**** SOURCE INFORMATION ****
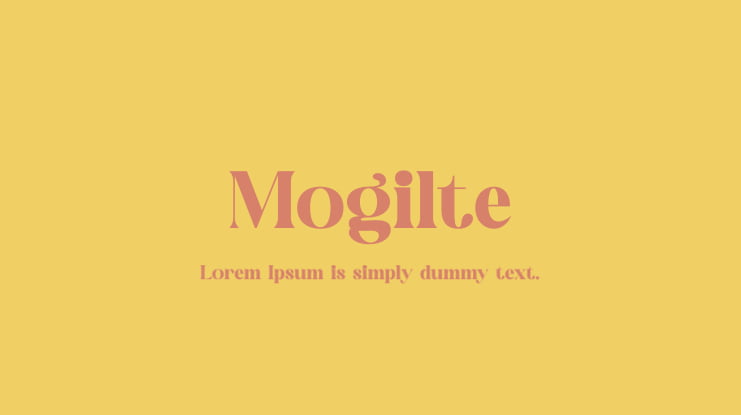 Mogilte Font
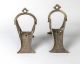 2 Antique Engraved Brass Turkish Riding Stirrups Rustic Collectible Other Ethnographic Antiques photo 5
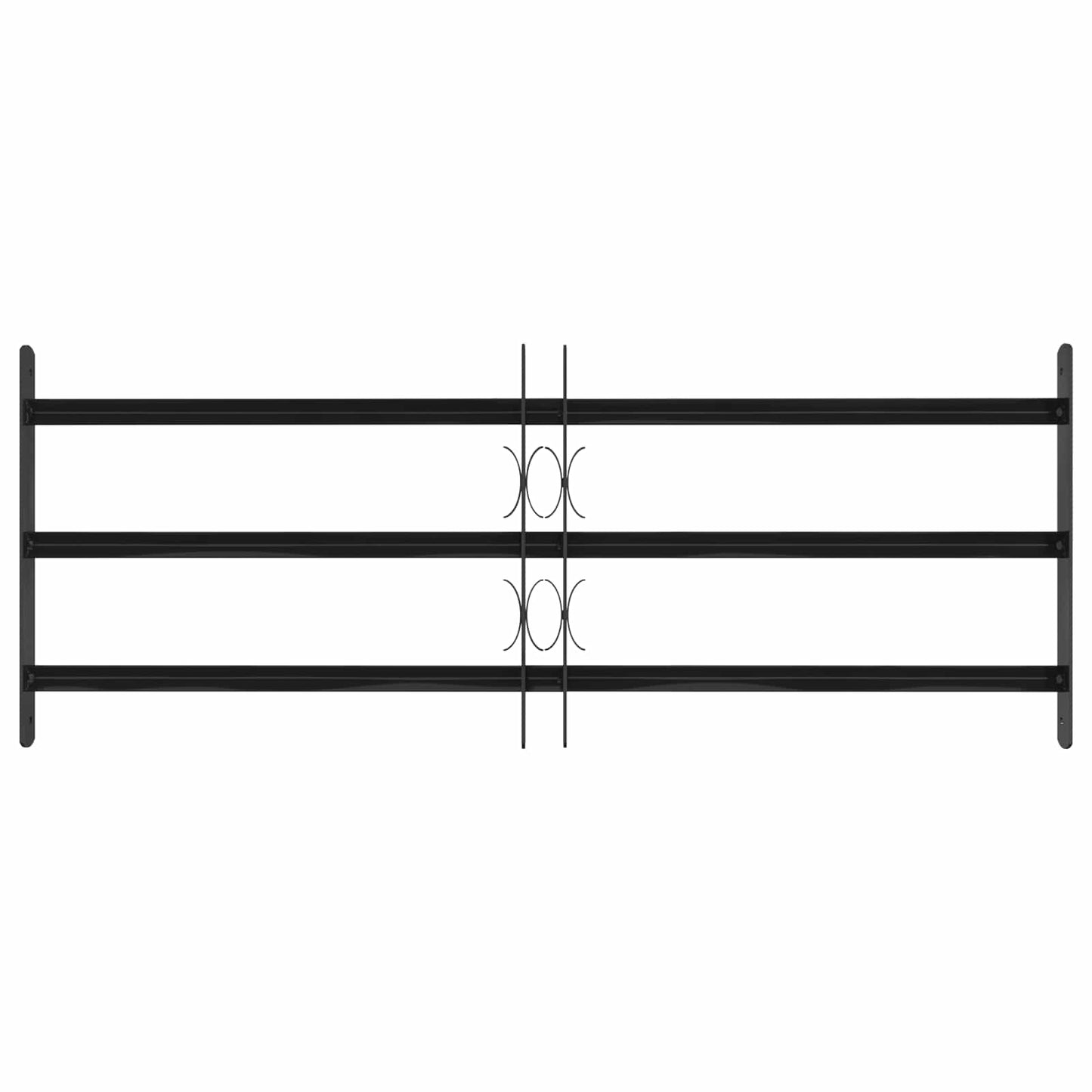 vidaXL Γρίλια Παραθύρου Μαύρο 116 x 45 εκ Χάλυβας με επίστρωση πούδρας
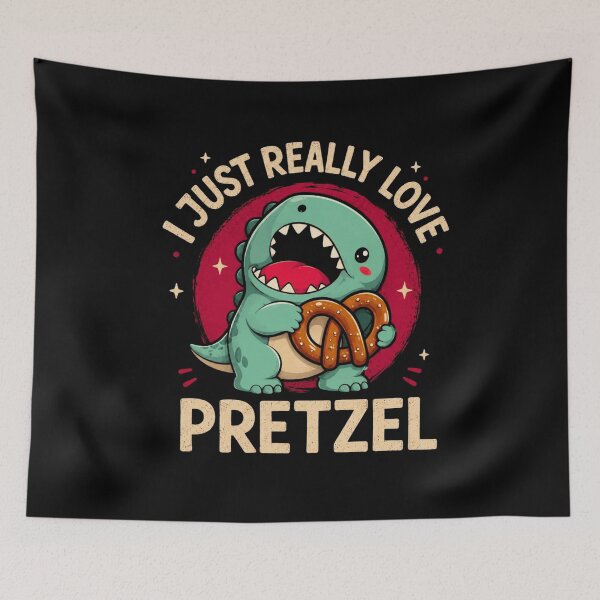 Item preview, I Just Really Love Pretzel Cute Kawaii Dinosaur Pretzel Lover designed and sold by bilal sibgui.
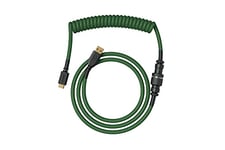 Glorious - Coiled Cable USB-C to USB-A - Coiled Mechanical Keyboard Cable, 1.37m, 5-pin Aviator Connector, Double-braided - Forest Green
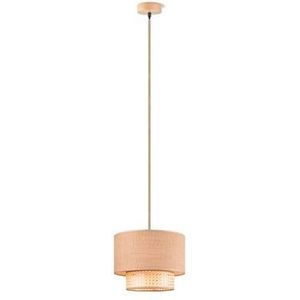 Home Sweet Home Hanglamp Cane Weave - hout - 30x30x129cm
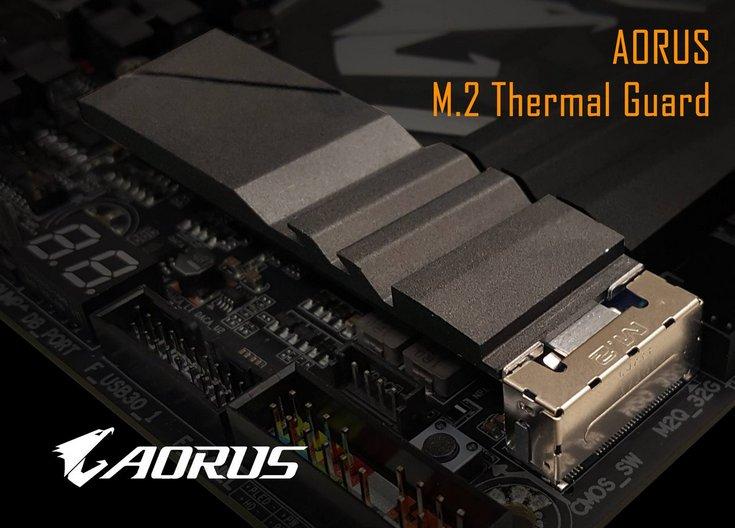 Радиатор Gigabyte Aorus M.2 Thermal Guard остудит пыл твердотельных накопителей
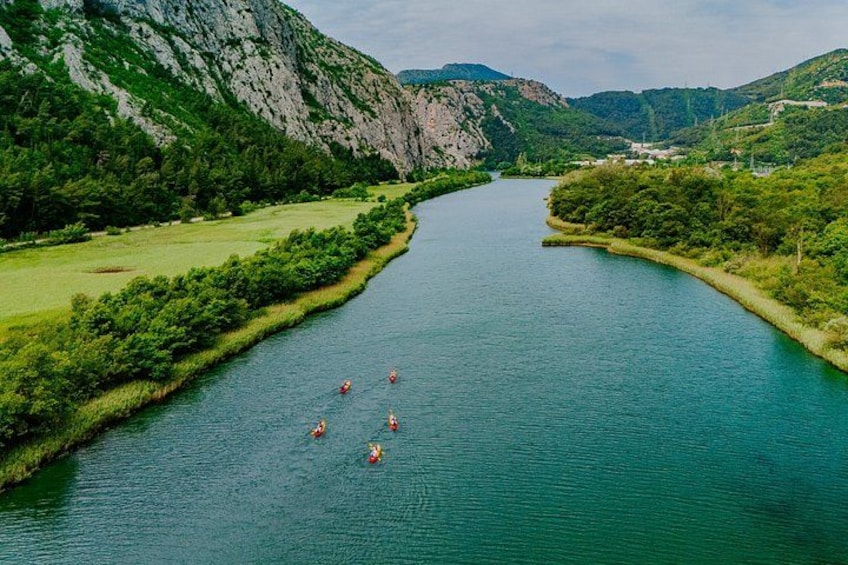 Morning Kayak Experience in Cetina Canyon Beginner Friendly 3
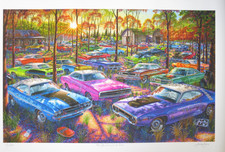DODGE CHARGER PLYMOUTH ROAD RUNNER ART 1968 1969 1970 1971 HEMI SHAKER 440 383 picture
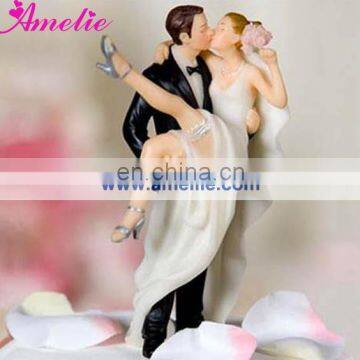 A07373 Resin Wedding Cake Toppers For Bride and Groom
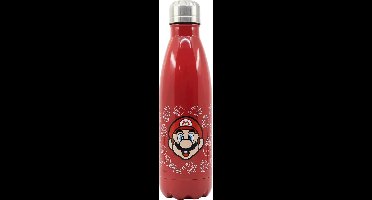 Super Mario - metalen waterfles (0,78ml)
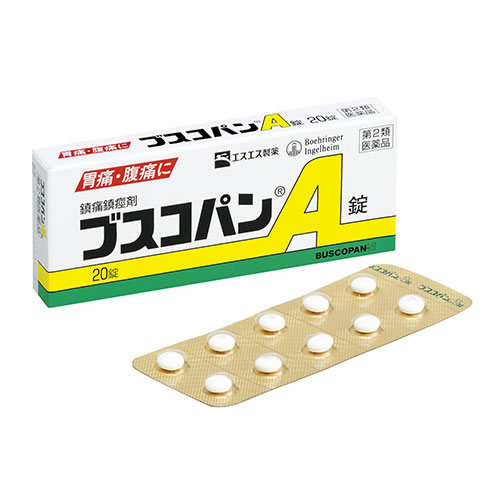 부스코판A 20정 진경제 에스에스제약 복통 배앓이 위통에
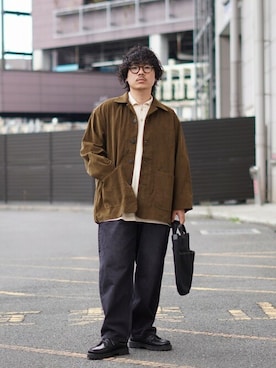 「ポートバイアーク」｜「アイテム（その他アウター）」を使った、ARKnets STAFFさん（メンズ・169cm）の秋コーディネート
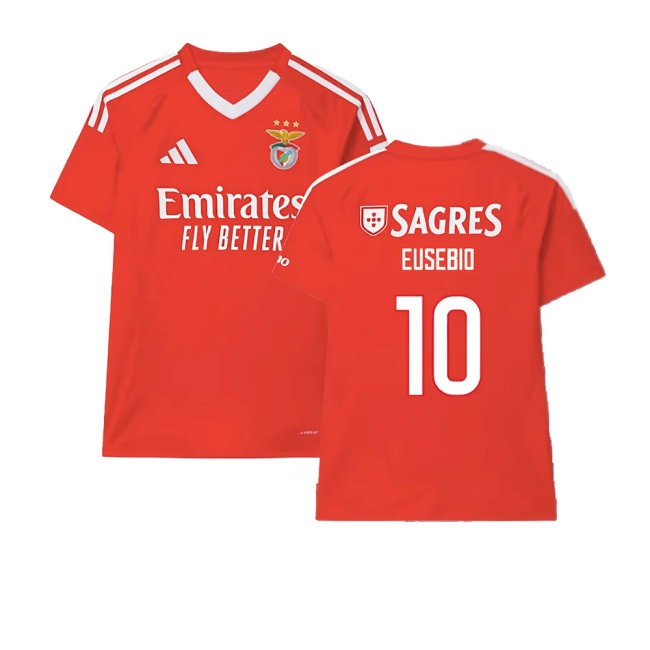 2024-2025 Benfica Home Shirt (Eusebio 10) — Buy Now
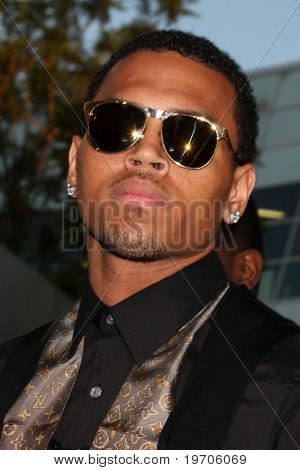LOS ANGELES - AUGUST 4:  Chris Brown. arrives at the 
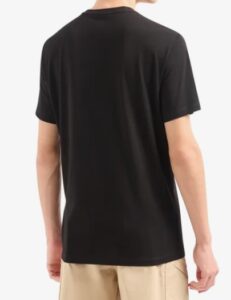 ARMANI EXCHANGE – T-Shirt Uomo Regular Logo Color Nero
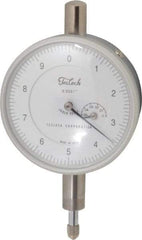 Teclock - 0.05" Range, 0-10 Dial Reading, 0.0001" Graduation Dial Drop Indicator - 2-13/64" Dial, 0.01" Range per Revolution, 0.0002" Accuracy, Revolution Counter - Caliber Tooling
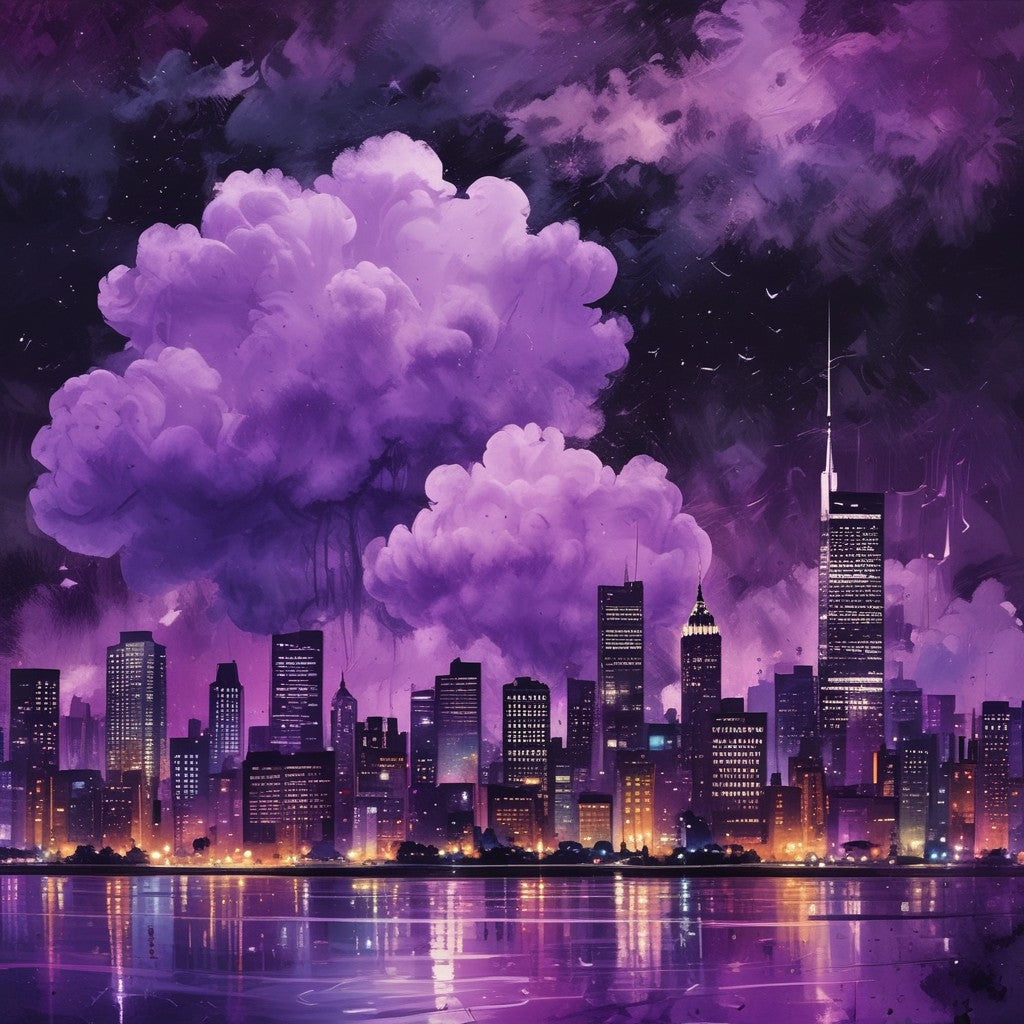 Purple Cloud city pack of 3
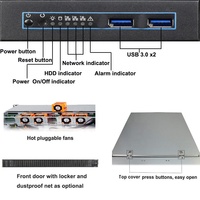 Boîtier/châssis de serveur NAS 1U pour montage en rack avec 4 baies de disques SATA/SAS remplaçables à chaud, connecteur MiniSAS/SATA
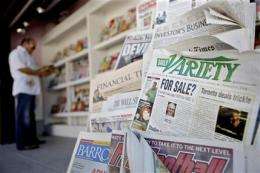 Variety trade newspaper to charge for online site (AP)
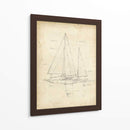 Sailboat Blueprint Iv - Ethan Harper | Cuadro decorativo de Canvas Lab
****
_WORK REQUIRED:_
Only one stretch of the entries above is needed: the lines from the one containing "2 Antique Engraved" through the one containing "vidaXL Γρίλια Παραθύρου". Copy it exactly, without the pictures.

_RESULT OF THIS TASK:_
 2 Antique Engraved Brass Turkish Riding Stirrups Rustic Collectible Other Ethnographic Antiques photo 5
 vidaXL Γρίλια Παραθύρου Μαύρο 116 x 45 εκ Χάλυβας με επίστρωση πούδρας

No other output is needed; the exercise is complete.